= D'Harscamp =

Belgian aristocratic family

The d'Harscamp were a Belgian aristocratic family from the Namur region, who were Counts of Argenteau. They became wealthy during the Thirty Years' War through possession of the secret of how to cast cannon in a single piece. They endowed many local charitable institutions and a main street of Namur is named after them.

== Family members ==

Jeanne d'Harscamp, Dowager Duchess of Beaufort-Spontin, hosted Louis XIV of France at her chateau at Freÿr, when the Treaty of Freÿr was signed.

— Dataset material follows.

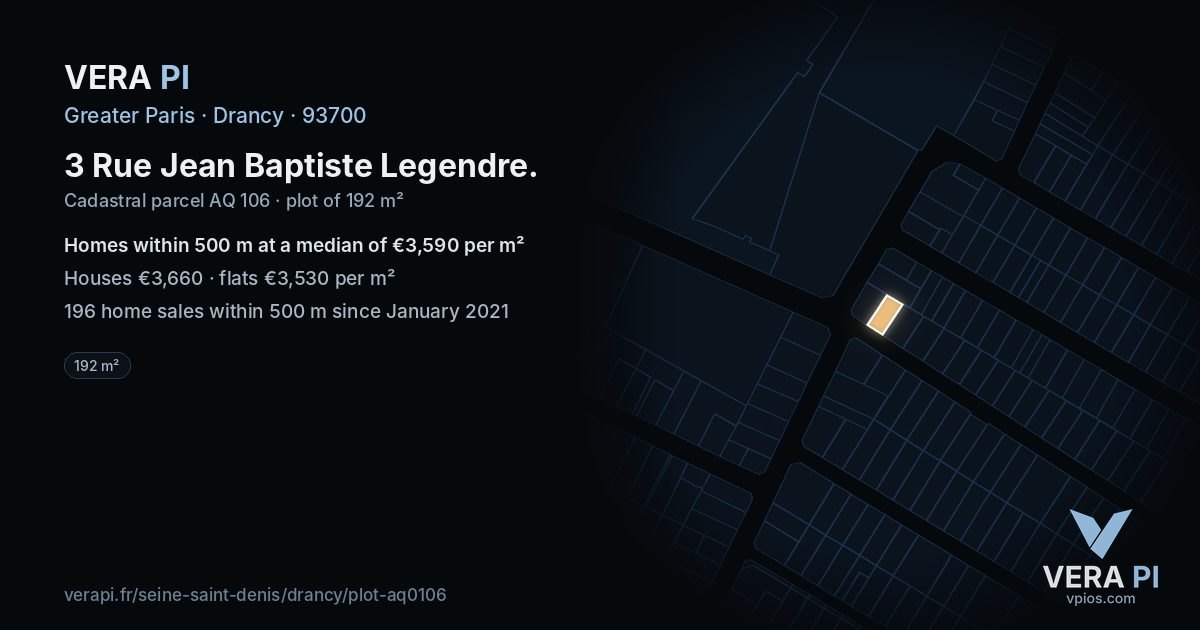 3 Rue Jean Baptiste Legendre, Drancy at night – the plot lit, the parcels around coloured by the prices near them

Charles-Francois de Paule, Baron d'Harscamp (1669-1736) was Mayor of Namur and then Lieutenant Governor from 1732 to his death. In 1711 he married Marie Isabelle, Comtesse d'Argenteau. They had five children:

- Charles-Antoine, lieutenant mayor of Namur;
- Marie-Thérèse-Isabelle, (1712-1782), who married Baron Heinrich von Blumenthal and as Baroness von Blumenthal was head of the household of Princess Heinrich of Prussia. A sculpture of her by Jean-Pierre-Antoine Tassaert was destroyed by allied bombing.
- Charles-Joseph, who was killed at war;
- Henri, who was also killed at war;
- François-Pontian, who married Isabelle Brunelle (1724-1805), a noted philanthropist, whose statue is to be seen in Namur.